Data |
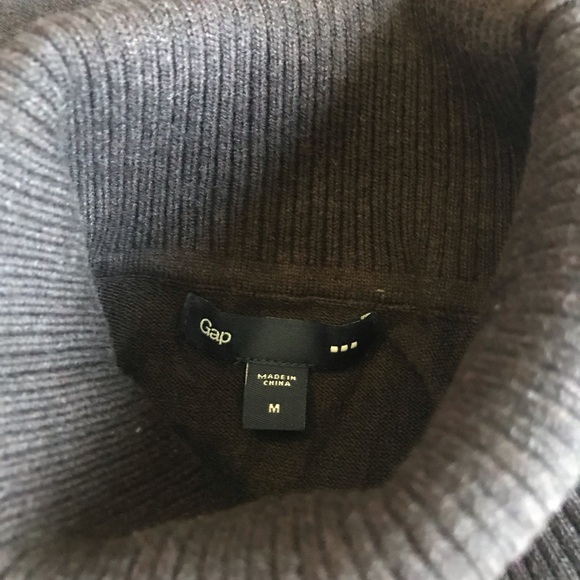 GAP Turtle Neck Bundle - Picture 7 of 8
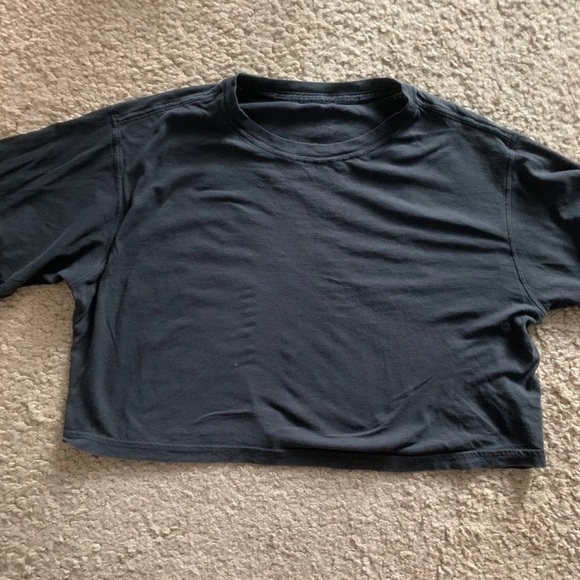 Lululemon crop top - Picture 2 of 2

--

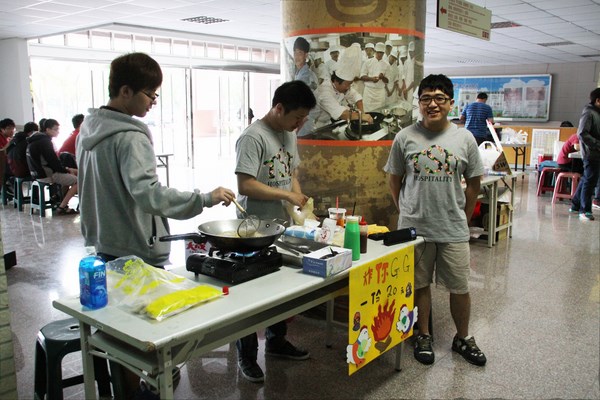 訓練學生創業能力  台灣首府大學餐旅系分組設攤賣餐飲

...

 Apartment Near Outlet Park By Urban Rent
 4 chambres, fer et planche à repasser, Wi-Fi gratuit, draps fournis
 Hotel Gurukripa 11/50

Exercise description | The answer should consist only of the lines above from the one with "GAP Turtle Neck Bundle - Picture 7 of 8" through the one with "Lululemon crop top - Picture 2 of 2", repeated exactly, with no pictures among them.

Result of the exercise |
 GAP Turtle Neck Bundle - Picture 7 of 8
 Lululemon crop top - Picture 2 of 2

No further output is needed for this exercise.